──────── The records ────────
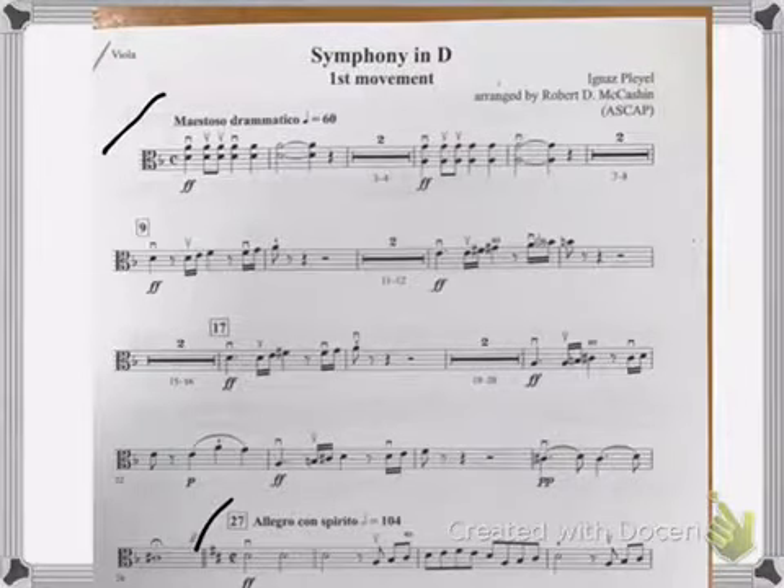Two, two, three, four. Two, three, four. One, two, three, four. Two, two, three, four. One, two, three, four. One, two, three, four. Two, two, three, four.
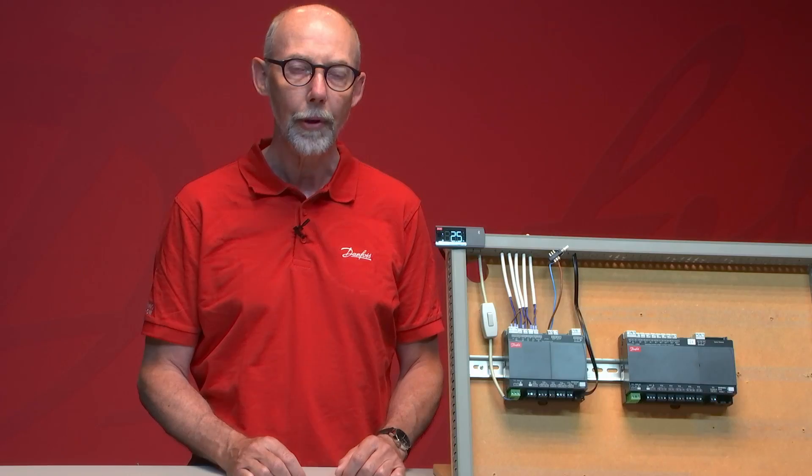Hello, I'm Ken from Danfoss Climate Solutions. Welcome to this Danfoss Out of Cool training video. Today we will focus on our AKCC55 Waterloop controller, and we will start with a brief introduction in our refrigeration lab.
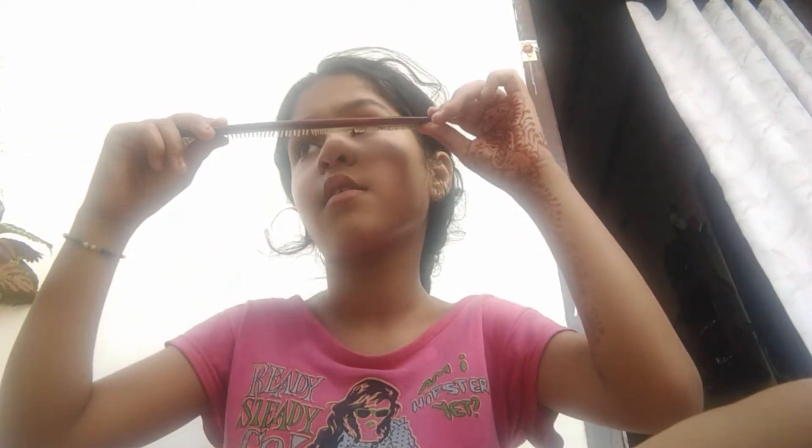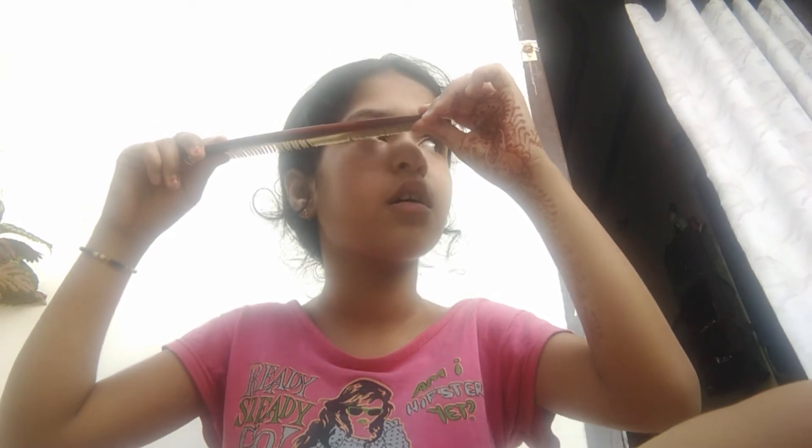It is very dangerous. Do you see me? It is very dangerous.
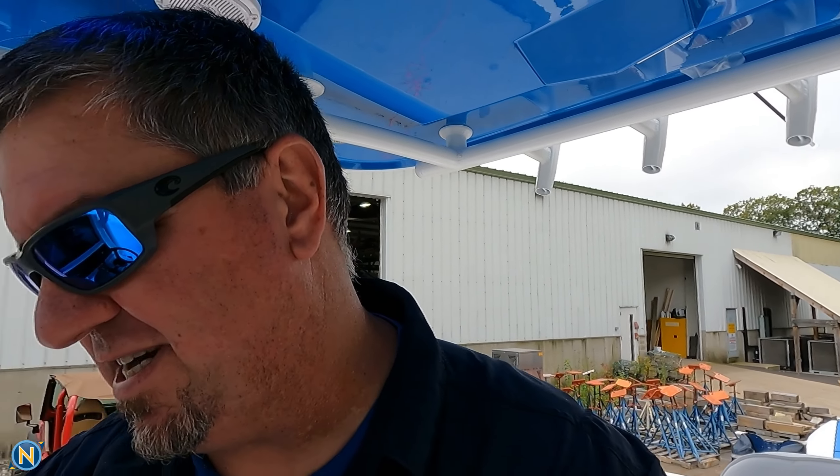That's the quick walkthrough on the Southport 30. It is going to be at the Lauderdale Boat Show — be sure to stop in and check it out. If you have any questions, I'm going to be wandering around the show, so come see me, talk to me, introduce yourself. I'd love to meet you guys. Maybe you're thinking about doing a project — love to work with you. Until then, I think I'm going to showcase this stereo and see what I can do.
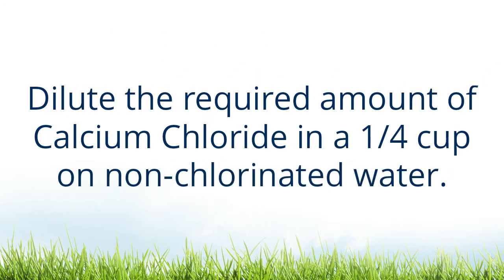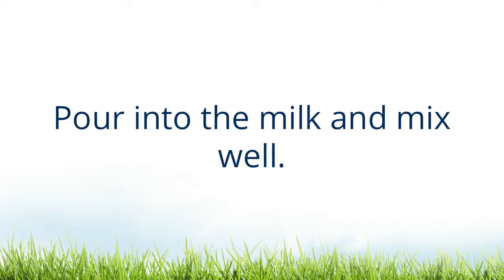Dilute the required amount of calcium chloride in a quarter cup of non-chlorinated water. Pour into the milk and mix well.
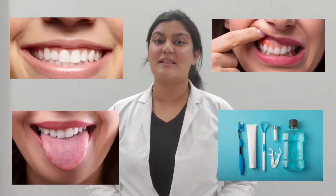Hi everyone, this is Dr. Saroni Jain and today I am here to talk about oral health and its emerging trends. So basically, a perfect oral hygiene routine requires three main steps.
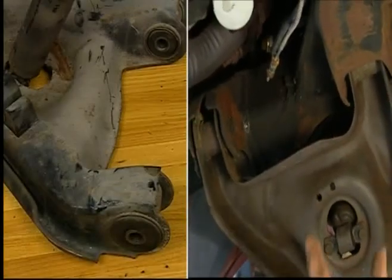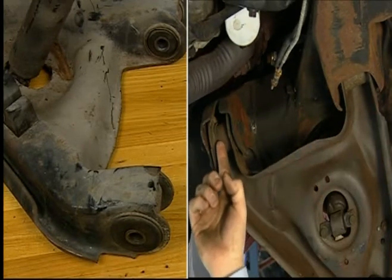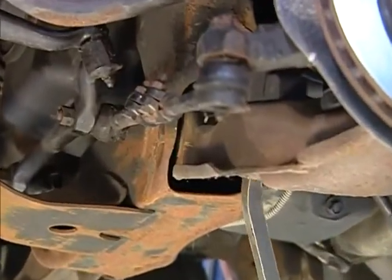Lower control arm bushing inspection. The lower control arm bushing can be difficult to inspect because it may be housed in the frame member. If visual inspection is not conclusive,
────────
--- Task brief ---
The records above must be echoed exactly, minus their pictures.

--- Solution for this task ---
Two, two, three, four. Two, three, four. One, two, three, four. Two, two, three, four. One, two, three, four. One, two, three, four. Two, two, three, four.
Hello, I'm Ken from Danfoss Climate Solutions. Welcome to this Danfoss Out of Cool training video. Today we will focus on our AKCC55 Waterloop controller, and we will start with a brief introduction in our refrigeration lab.
It is very dangerous. Do you see me? It is very dangerous.
That's the quick walkthrough on the Southport 30. It is going to be at the Lauderdale Boat Show — be sure to stop in and check it out. If you have any questions, I'm going to be wandering around the show, so come see me, talk to me, introduce yourself. I'd love to meet you guys. Maybe you're thinking about doing a project — love to work with you. Until then, I think I'm going to showcase this stereo and see what I can do.
Dilute the required amount of calcium chloride in a quarter cup of non-chlorinated water. Pour into the milk and mix well.
Hi everyone, this is Dr. Saroni Jain and today I am here to talk about oral health and its emerging trends. So basically, a perfect oral hygiene routine requires three main steps.
Lower control arm bushing inspection. The lower control arm bushing can be difficult to inspect because it may be housed in the frame member. If visual inspection is not conclusive,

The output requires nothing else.